After numerous failed attempts in the big leagues (including a .149/.207/.217 line over 58 games in 2011) Michael Saunders set out last off season looking for help. He found Mike Bard (Josh Bard's brother) and together they overhauled Saunders' swing, allowing the tall Canadian to drive the ball with authority. Whatever they did, it worked, as Saunders was one home run away from a 20/20 season. While his final 2012 line of .247/.306/.432 may not blow you out of the water, look back a few lines up at what he did in 2011. Pretty big improvement isn't it? As the Mariner's roster stands, Saunders will see everyday at bats at each of the outfield positions. There's been much talk regarding the fence changes at Safeco in 2013, and while most left handed hitters currently on the roster won't see a huge benefit from the changes in the left/center power alley, Saunders' new swing is designed to pepper that very area. Just looking at his 2012 hit chart, I see one double and two outs that will now leave the new and improved Safeco Field. Taking a look at Saunders' monthly splits, it's clear August was a rough month for him as he batted .189/.231/.392. If you've read my work before, you know I love to take a look at splits, and remove a month to get an idea of what the rest of his season looked like. Without that stinker of an August, Saunders 2012 line would be: .260/.320/.450 - I think this is closer to the Saunders we see in 2013. Another run at 20/20 season wouldn't surprise me one bit, making the lanky Canadian a prime target as an outfielder flyer in mixed leagues, and a viable 3rd outfielder in AL Only leagues.

Lorenzo Cain

After an amazing season in AAA following his trade from the Brewers to the Royals, many savvy fantasy owners had Cain on their 2012 sleeper lists as they headed to the draft table. Owners who were able to land the young Royal's outfielder were pleased for all of 5 games when a strained groin put him on the shelf. As Cain was rehabbing and getting close to returning to the big leagues, a hip flexor injury prolonged his DL stint all the way until July 13th. Not what fantasy owners had hoped for with their late sleeper pick. From July to about mid September, Cain showed fantasy owners the power/speed combination they had hoped would help their roster all year, as he swiped 10 bags to go along with 7 homers. Unfortunately a strained hamstring in September (a September that saw him hitting .308/.357/.538) ended his season prematurely.
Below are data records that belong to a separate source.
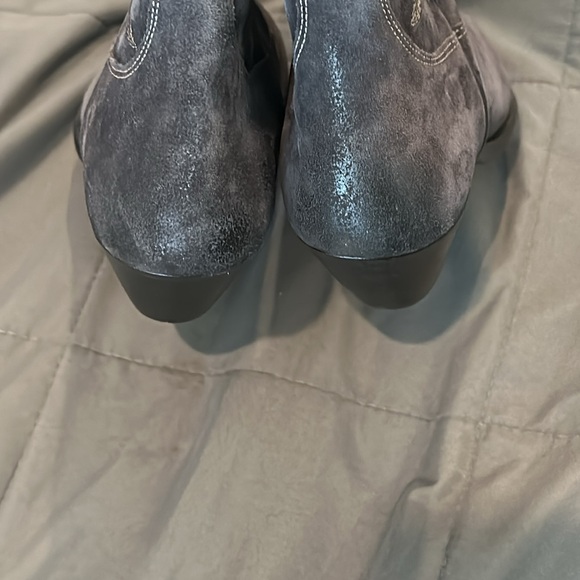 Beautiful Brand new never worn Isabel Marant boots. - Picture 4 of 5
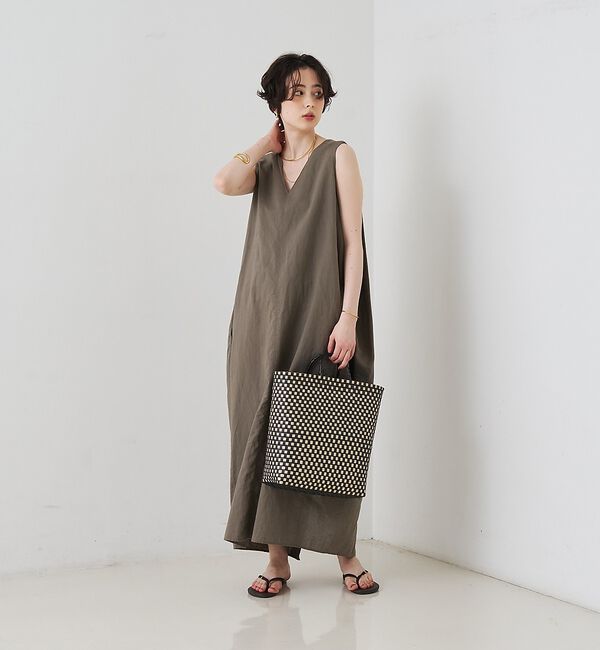 Rouge vif「【2サイズ展開】【定番人気】麻混ノースリーブVネックワンピース/ポケット付き/コ」|ワンピース|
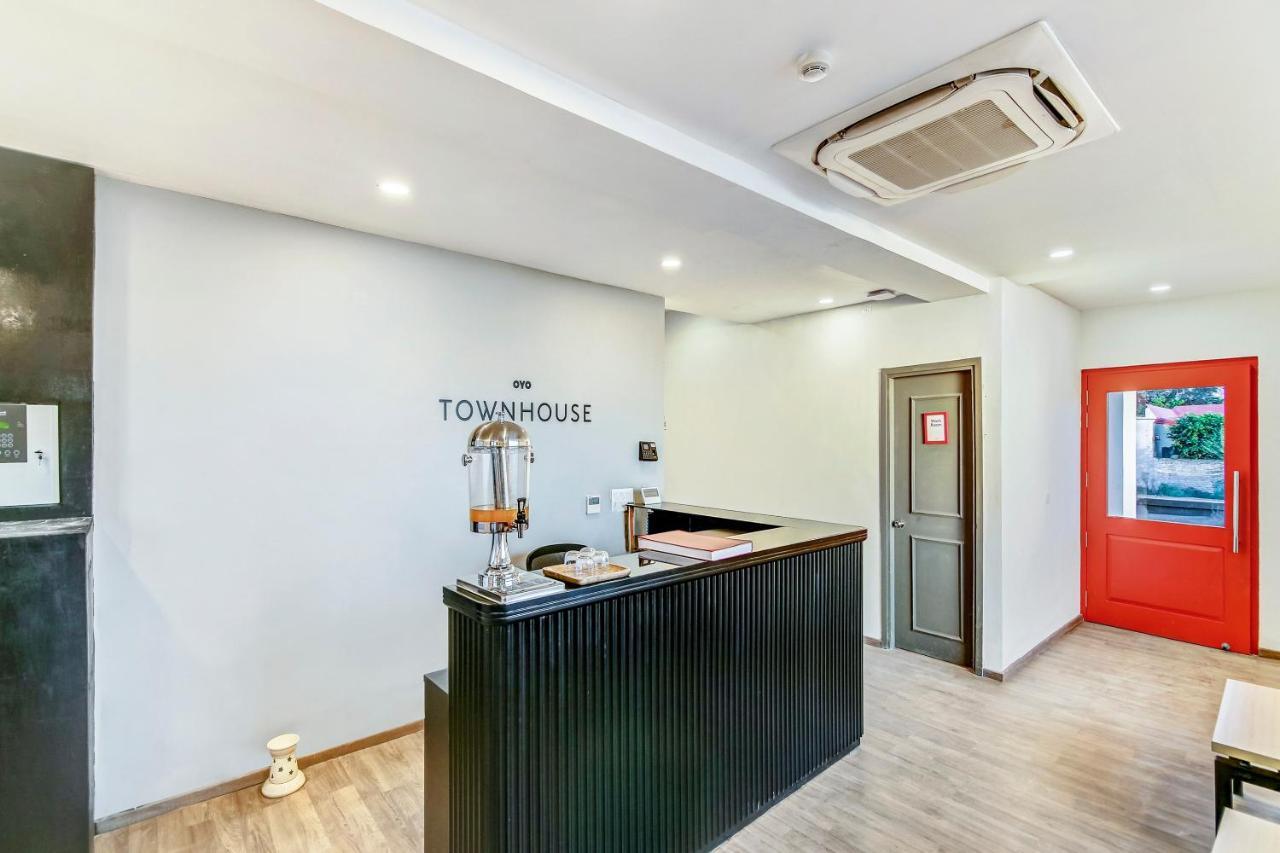 Townhouse Knowledge Park ||| Near Sharda University Greater Noida Kültér fotó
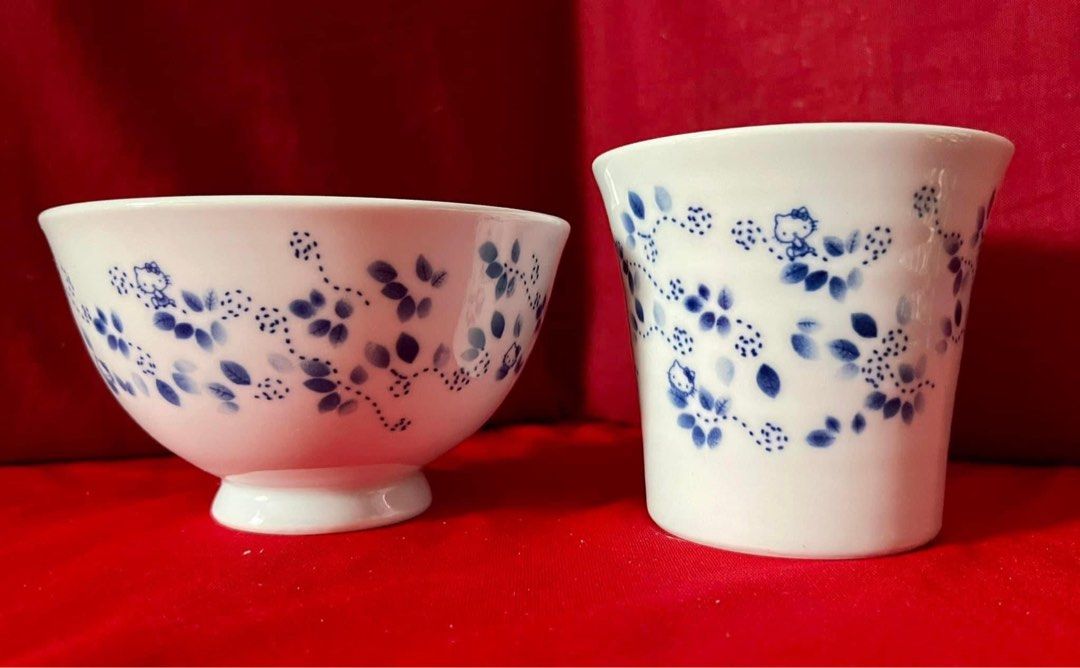 SANRIO Hello Kitty Tea Bowl & Soba Choko Set (Category: Coffee & Tea Tableware) located in Valenzuela. Submitted by carzia (Listing ID 1216308694, Image 1). Description: .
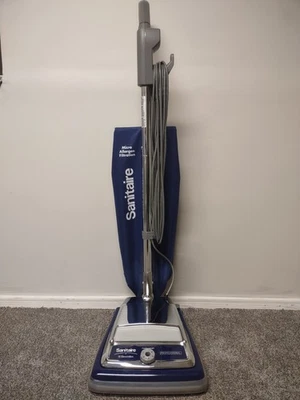 Aspiradora profesional vertical de alta resistencia Sanitaire By Electrolux S675 COMO NUEVA.! Foto 1 de 4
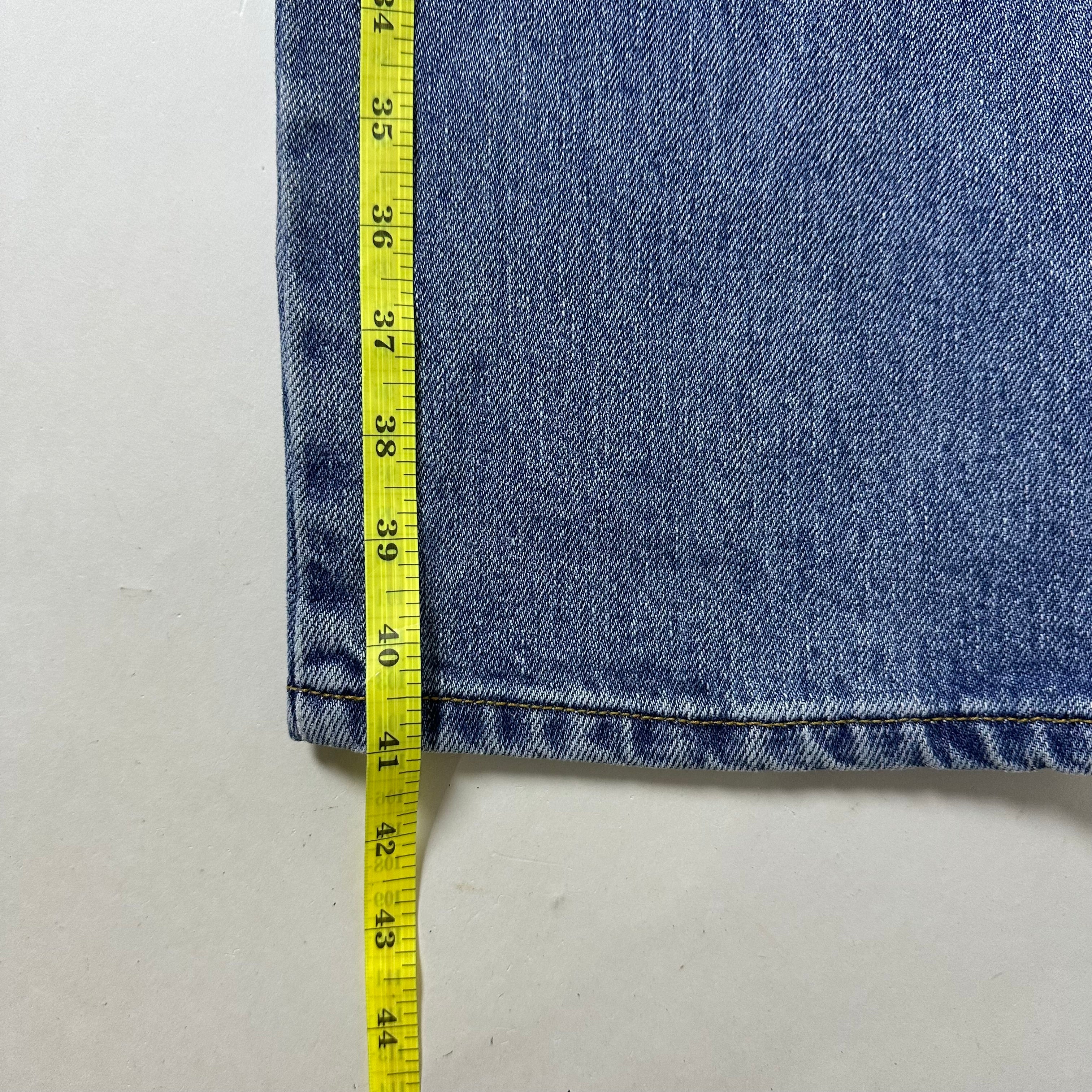 Vintage 2006 Levi’s 505 Regular Straight Fit in Medium Stonewash (Size 33)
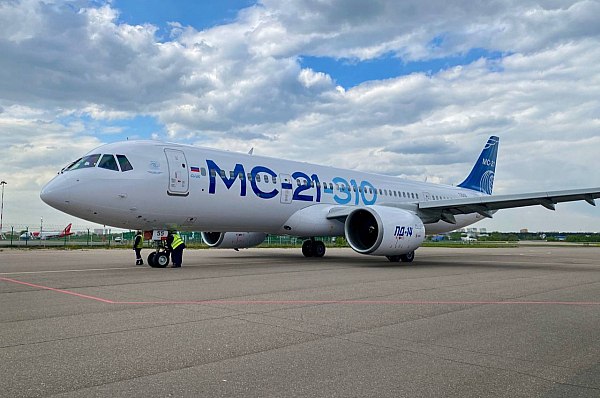 "Ростех": 14 самолетов МС-21 уже собраны в рамках серийного производства Четырнадцать отечественных самолетов МС-21 уже собраны в рамках серийного производства на заводе Объединенной авиастроительной корпорации ОАК, входит в "Ростех" , еще девять находятся на более ранних этапах строительства, заявили в "Ростехе". Об этом сообщает Прайм. Ранее во вторник премьер-министр РФ Михаил Мишустин в рамках стратегической сессии по развитию авиационной промышленности заявил, что самолеты МС-21 и "Байкал" должны быть готовы к серийному производству в конце 2026 года. "В рамках развертывания серийного производства уже собраны 14 планеров МС-21, еще девять самолетов находятся на более ранних этапах строительства", – рассказали в "Ростехе". aviaru.net/n285685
While his 2012 season consisted of only 61 games, it does hold some bright spots we can use as we head into 2013 drafts. As mentioned above, Cain was able to steal 10 bags in limited action, and was not caught once. For a player coming back from a leg injury it's nice to see he was still able to run effectively when healthy. Cain also maintained a healthy line drive rate which was in line with his career rate of 21.8%. Cain is working hard this off season to strengthen his lower half in an attempt to kick the injury bug that has attacked his legs early in his career. If healthy in 2012 Cain will provide owners with a nice power/speed combination, and a batting average that should hover around .270. His shortened 2012 season should keep his draft price down for mixed league owners, making him a great late round addition. He should come at a decent price for AL Only owners as well and while he'd make a great 3rd outfielder in a 5 OF AL Only league, ideally, managers could grab him as a 4th or even 5th option to protect themselves in case the injury bug bites again.